* **What to do**
Transcribe exactly the lines that fall between the one holding "Newface Samsung Galaxy" and the one holding "Whiskas Kremowa Zupa z Kurczakiem 85g", inclusive, from the entries below.
---- Source material
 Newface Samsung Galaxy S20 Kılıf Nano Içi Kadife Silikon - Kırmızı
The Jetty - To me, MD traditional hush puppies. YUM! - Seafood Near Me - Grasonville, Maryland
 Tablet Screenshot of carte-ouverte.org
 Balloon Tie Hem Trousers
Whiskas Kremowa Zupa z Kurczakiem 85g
--------
---- Source material
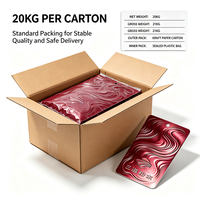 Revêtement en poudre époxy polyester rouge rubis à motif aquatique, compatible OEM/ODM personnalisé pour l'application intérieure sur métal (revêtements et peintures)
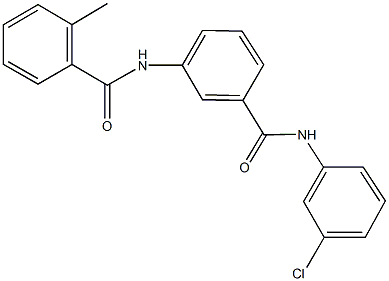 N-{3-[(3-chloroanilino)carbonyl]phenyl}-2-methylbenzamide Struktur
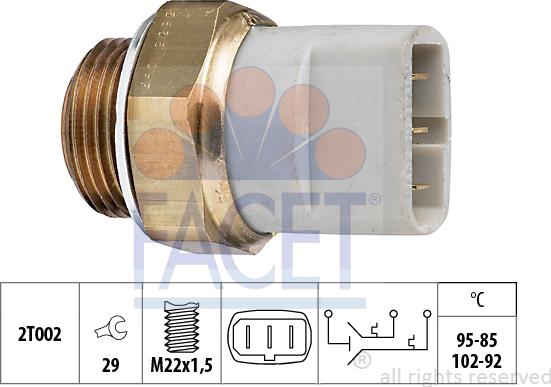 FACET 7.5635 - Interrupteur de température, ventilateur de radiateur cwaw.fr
--------
* **Task solution**
 Newface Samsung Galaxy S20 Kılıf Nano Içi Kadife Silikon - Kırmızı
The Jetty - To me, MD traditional hush puppies. YUM! - Seafood Near Me - Grasonville, Maryland
 Tablet Screenshot of carte-ouverte.org
 Balloon Tie Hem Trousers
Whiskas Kremowa Zupa z Kurczakiem 85g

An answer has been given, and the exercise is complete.